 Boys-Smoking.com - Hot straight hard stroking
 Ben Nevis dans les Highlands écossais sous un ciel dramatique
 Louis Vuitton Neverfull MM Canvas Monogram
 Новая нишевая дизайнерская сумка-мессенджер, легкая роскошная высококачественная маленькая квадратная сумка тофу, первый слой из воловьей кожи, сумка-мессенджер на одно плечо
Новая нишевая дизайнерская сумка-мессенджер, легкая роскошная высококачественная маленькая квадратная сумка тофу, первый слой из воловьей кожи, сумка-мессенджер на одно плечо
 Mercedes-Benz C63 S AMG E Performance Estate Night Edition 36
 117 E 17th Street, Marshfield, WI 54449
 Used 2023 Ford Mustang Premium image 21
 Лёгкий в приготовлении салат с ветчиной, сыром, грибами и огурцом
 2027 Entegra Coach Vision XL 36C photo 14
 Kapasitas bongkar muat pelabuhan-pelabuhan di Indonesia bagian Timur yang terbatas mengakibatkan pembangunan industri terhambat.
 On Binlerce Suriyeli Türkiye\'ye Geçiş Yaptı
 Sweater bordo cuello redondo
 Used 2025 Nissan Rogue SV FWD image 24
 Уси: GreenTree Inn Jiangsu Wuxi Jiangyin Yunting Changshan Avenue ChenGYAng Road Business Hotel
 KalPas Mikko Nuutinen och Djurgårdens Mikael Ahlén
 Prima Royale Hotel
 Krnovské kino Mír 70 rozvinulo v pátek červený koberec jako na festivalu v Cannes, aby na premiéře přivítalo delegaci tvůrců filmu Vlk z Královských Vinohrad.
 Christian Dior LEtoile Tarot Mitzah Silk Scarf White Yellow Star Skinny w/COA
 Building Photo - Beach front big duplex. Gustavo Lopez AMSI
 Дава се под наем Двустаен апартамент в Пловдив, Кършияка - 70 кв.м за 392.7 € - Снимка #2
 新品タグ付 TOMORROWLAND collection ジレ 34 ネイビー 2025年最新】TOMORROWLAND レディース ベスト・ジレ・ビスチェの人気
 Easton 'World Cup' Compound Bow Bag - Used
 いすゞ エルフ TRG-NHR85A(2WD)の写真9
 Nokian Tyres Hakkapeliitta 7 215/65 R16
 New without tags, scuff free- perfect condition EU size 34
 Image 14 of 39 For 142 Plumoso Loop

-- -- --

For the entries above, transcribe precisely the lines from the one with "Easton 'World Cup' Compound Bow Bag - Used" through the end, including both.

 Easton 'World Cup' Compound Bow Bag - Used
 いすゞ エルフ TRG-NHR85A(2WD)の写真9
 Nokian Tyres Hakkapeliitta 7 215/65 R16
 New without tags, scuff free- perfect condition EU size 34
 Image 14 of 39 For 142 Plumoso Loop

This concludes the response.